> Work task: Whenever a line in the listing contains "Leather", copy that line.

> Records supplied:
^^^^^^^^
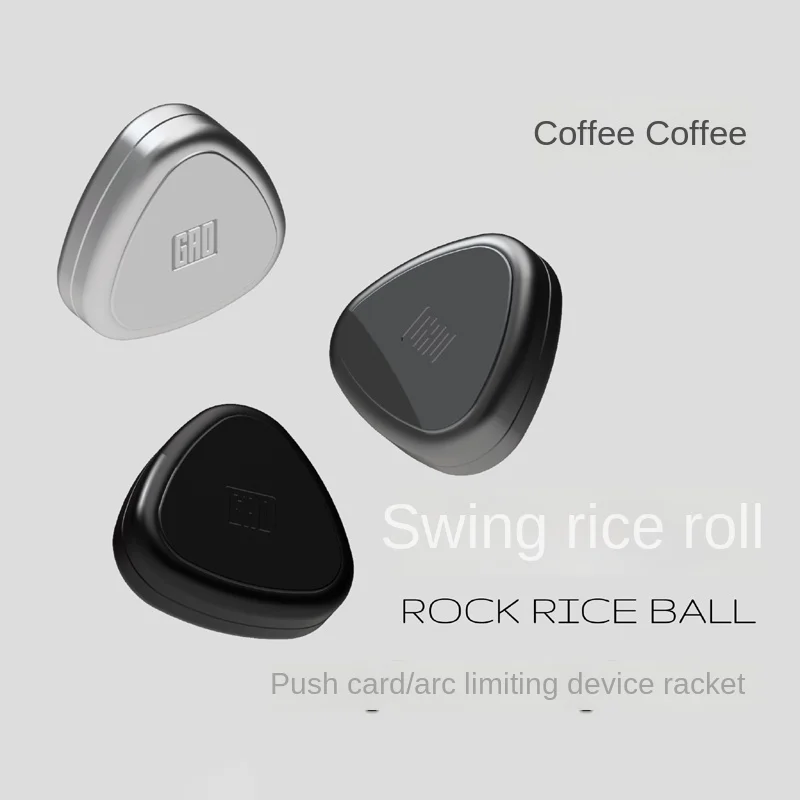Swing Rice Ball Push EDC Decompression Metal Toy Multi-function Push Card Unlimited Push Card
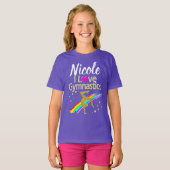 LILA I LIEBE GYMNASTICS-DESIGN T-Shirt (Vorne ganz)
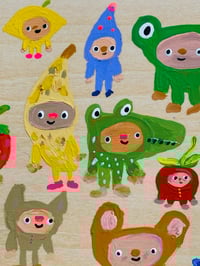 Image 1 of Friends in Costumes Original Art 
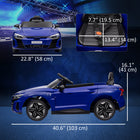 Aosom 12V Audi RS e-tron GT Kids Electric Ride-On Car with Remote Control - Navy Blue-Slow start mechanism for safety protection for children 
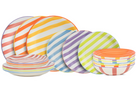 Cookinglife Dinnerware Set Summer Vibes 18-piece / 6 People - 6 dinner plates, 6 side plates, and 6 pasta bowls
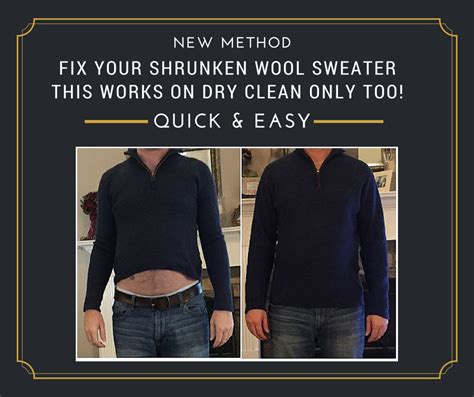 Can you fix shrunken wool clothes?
^^^^^^^^
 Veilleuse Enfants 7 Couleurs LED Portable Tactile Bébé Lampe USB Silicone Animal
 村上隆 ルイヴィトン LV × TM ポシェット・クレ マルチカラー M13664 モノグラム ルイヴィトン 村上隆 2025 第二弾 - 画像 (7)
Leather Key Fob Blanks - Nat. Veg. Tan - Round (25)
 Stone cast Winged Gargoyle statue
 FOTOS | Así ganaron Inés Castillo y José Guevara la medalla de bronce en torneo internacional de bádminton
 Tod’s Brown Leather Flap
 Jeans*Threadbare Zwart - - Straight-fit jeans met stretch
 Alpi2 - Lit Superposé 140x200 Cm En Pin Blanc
^^^^^^^^
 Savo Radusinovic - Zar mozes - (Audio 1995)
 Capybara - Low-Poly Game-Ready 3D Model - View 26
^^^^^^^^
> Task result:
Leather Key Fob Blanks - Nat. Veg. Tan - Round (25)
 Tod’s Brown Leather Flap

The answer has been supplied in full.